Rennes. Sara Däbritz hat bei der WM in Frankreich schon dreimal getroffen. Vor dem Viertelfinale gegen Schweden spricht sie über Ehrgeiz und Erfahrung.

Wenn Sara Däbritz einmal anfängt, hört sie nicht mehr auf. Der Ehrgeiz der 24-Jährigen ist schnell geweckt, auch auf dem Golfplatz am Teamhotel in Rennes. Die ARD dreht gerade mit Deutschlands erfolgreichster Torschützin bei der Fußball-WM in Frankreich vor dem Viertelfinale am Samstag gegen Schweden (18.30 Uhr/ARD/DAZN). Däbritz hat die ersten langen Bälle geschlagen, nun bittet die Kamerafrau sie auf das Putting-Green. „Chippen müssen wir auch noch üben“, sagt Sara Däbritz, die sichtbar Freude am Golfspielen gefunden hat. Ein Gespräch über Golf, Fußball und Ehrgeiz.

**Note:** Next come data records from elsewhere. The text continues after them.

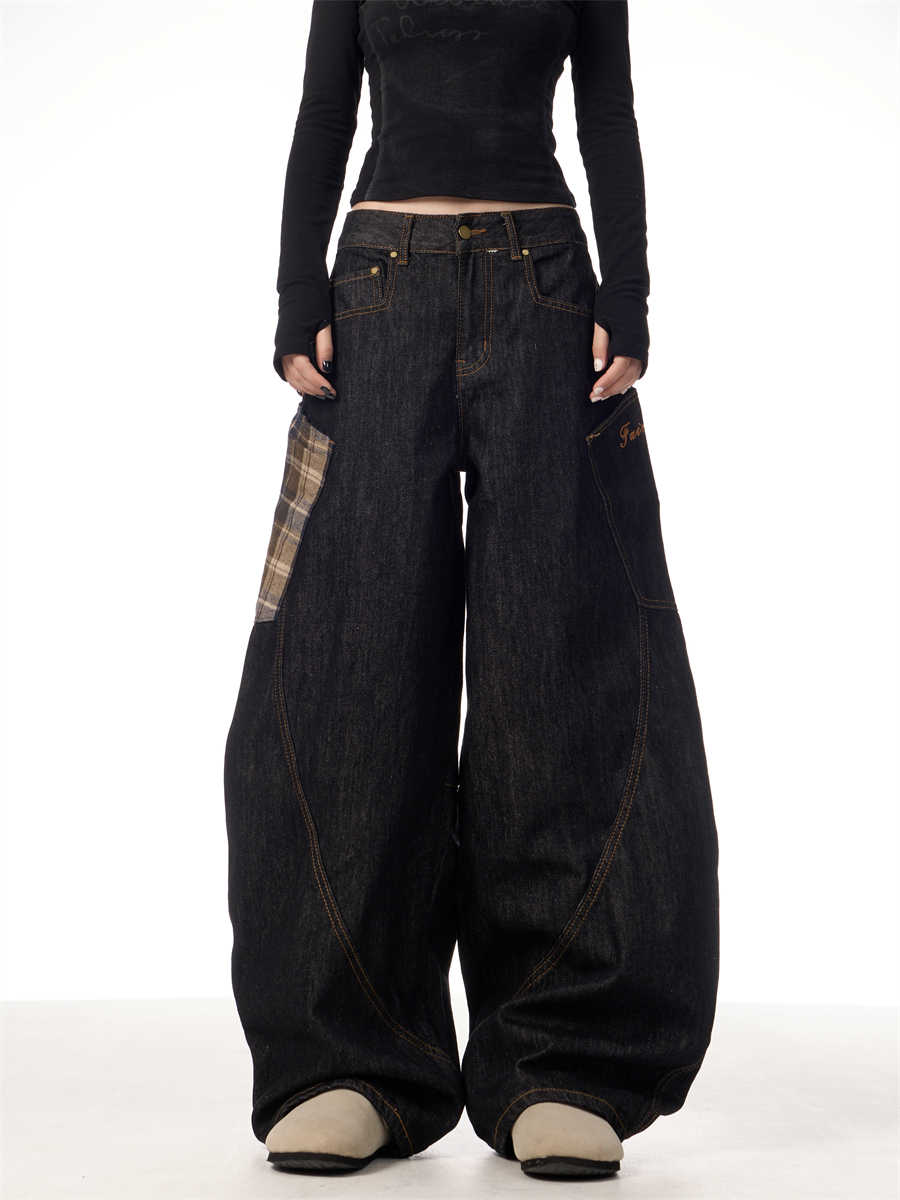 Retro Plaid-syede Jeans til Kvinder – Lige, Brede Ben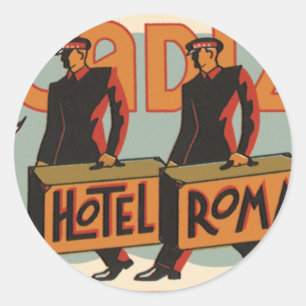 Sticker Rond Vintage voyage Bellhops Hotel Roma, Cadiz, Espagne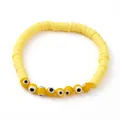 Pulsera elástica de cuentas de arcilla heishi amarillas con cuentas del mal de ojo amarillo - Cuentas Heishi Amarillas Estilo Mal de Ojo (BJEW-JB05905-03)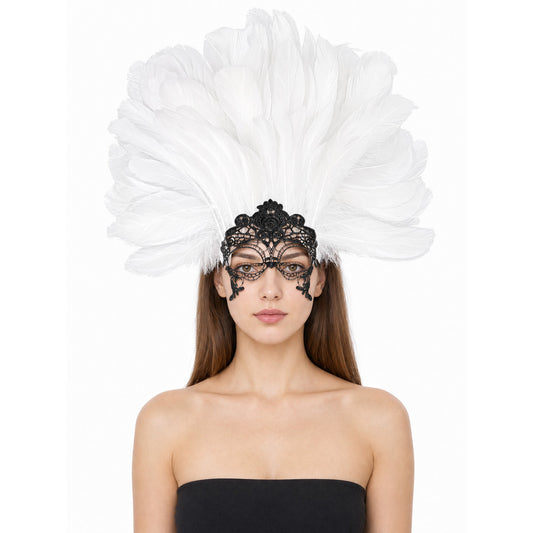 Masquerade Lace Eye Mask with White Feathers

Frau Däbritz, Sie scheinen Gefallen am Golfen gefunden zu haben. Den Schlag aus kurzer Distanz aufs Loch haben Sie so oft wiederholt, bis er drin war. Wie wichtig ist Ehrgeiz in diesen WM-Zeiten?

Sara Däbritz: Ich bin schon seit kleinauf sehr ehrgeizig. Das gehört gerade im Fußball dazu, wenn man sich verbessern will. Man muss aber unterscheiden zwischen Verbissenheit und einem gesunden Ehrgeiz. Ich habe Letzteres, was aber auch einfach zu mir passt, denn ich bin ein lebensfroher, ein positiver Mensch, der gerne lacht. Am Anfang war ich eben beim Golfen schon ein bisschen grantig, weil es nicht so gut geklappt hat, aber dann ist es schnell besser geworden und macht Spaß.

Bei dieser WM hat man Sie bisher ehrgeizig und nervenstark erlebt. Ehrgeizig wegen des Siegtreffers gegen Spanien und des Tores gegen Südafrika, beide Male waren es Abpraller, die Sie über die Linie gedrückt haben. Nervenstark wegen ihres dritten Treffers, des verwandelten Elfmeters gegen Nigeria.

Däbritz: Das ganze Spiel gegen Spanien war ein absoluter Willensakt, nicht nur mein Tor. Es war eine Teamleistung, jede hat gekämpft, geackert, und alle sind gelaufen bis zum Umfallen. Das zeichnet uns aber schon während des gesamten Turniers aus. Bisher war alles dabei: Wir haben guten Fußball gespielt, wir hatten Arbeitssiege wie gegen China und Spanien. Wir haben von uns von Spiel zu Spiel weiterentwickelt, und ich bin stolz auf diesen Prozess, den wir hier als Mannschaft durchlebt haben.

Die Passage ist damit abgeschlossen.